21I agree with the result reached by the summary conviction appeal judge and with the reasons he articulates, namely (a) that the orders were defective or deficient in that they did not advise the appellants that they could be charged with an indictable offence and receive up to five years in jail if they drove while disqualified, and (b) that there is no reason to presume that the court clerk, in explaining the orders to the appellants, went beyond the terms prescribed in the orders in doing so. As the summary conviction judge noted at para. 25 of his reasons:
… There is no basis upon which to utilize the presumption of regularity to assume, as proof, that the officer who witnessed the signature of Mr. Molina went beyond the form of the order that the accused signed, and either read from a correct version of an order, or advised the accused orally out of his own knowledge. …
22In short, the fourth Wigmore requirement for the application of the presumption -- “that the circumstances of the particular case add some element of probability” -- did not exist in this case.
As a result, I reject Ms.

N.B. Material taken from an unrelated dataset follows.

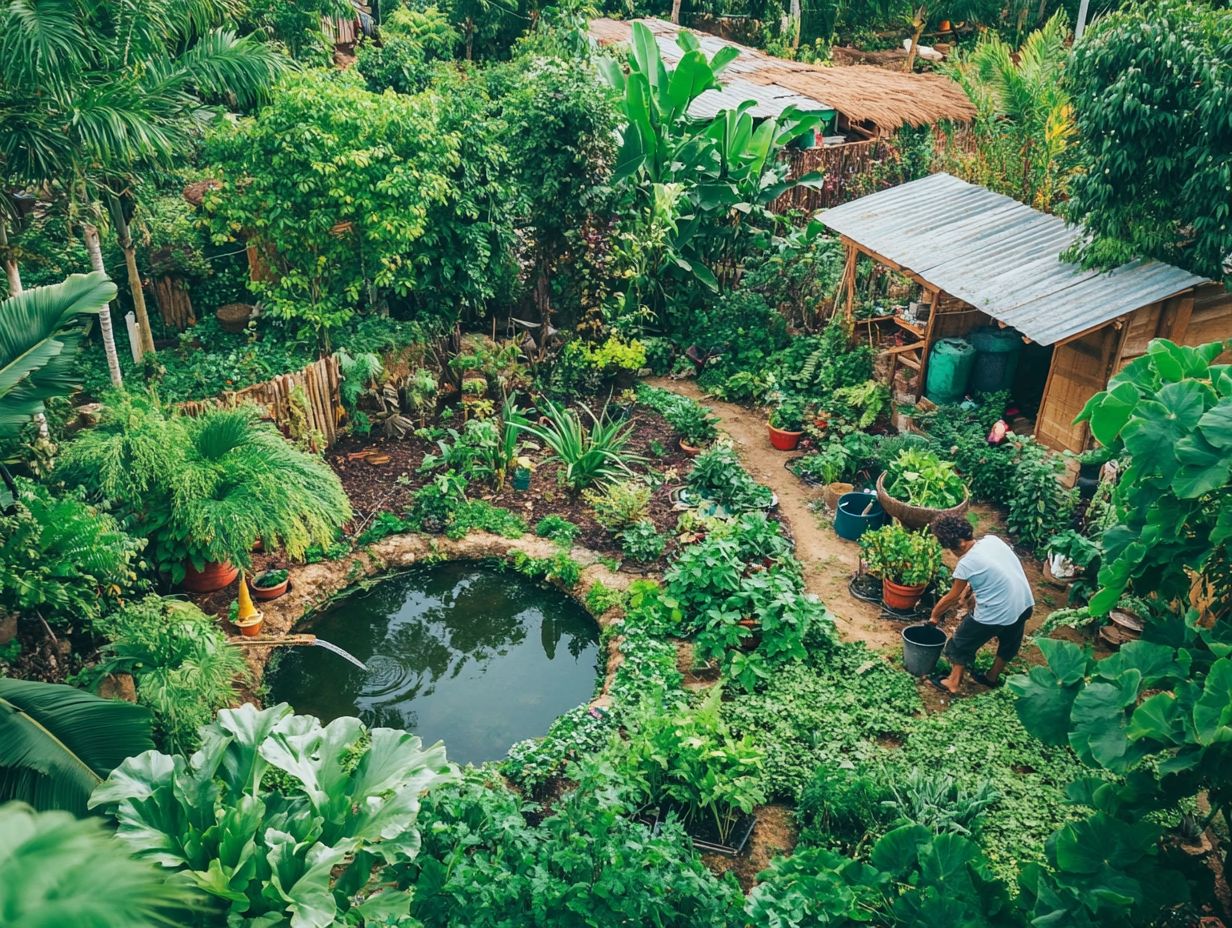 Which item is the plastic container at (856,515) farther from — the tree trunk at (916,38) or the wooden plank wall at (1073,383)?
the tree trunk at (916,38)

Edroos’s second argument that the placing of the onus of proof should be decided on the basis of the presumption of regularity. But on what substantive ground should it be decided?
As I have noted in several other cases,11 the Supreme Court of Canada’s decision in Smith v. Co‑operators General Insurance Co.12 establishes that consumer protection is one of the main objectives of automobile insurance law. This objective is of particular importance in cases involving an insurer’s obligation to provide the insured person with information. The realization of this objective requires the insurer to provide the insured person with complete and correct information. In my view, the goal of consumer protection is best promoted by placing on insurers the onus of proving compliance with their obligations to provide information to insured persons. Indeed, while Smith and the cases applying Smith may not be explicit on the point, they all appear to assume that insurers bear this onus.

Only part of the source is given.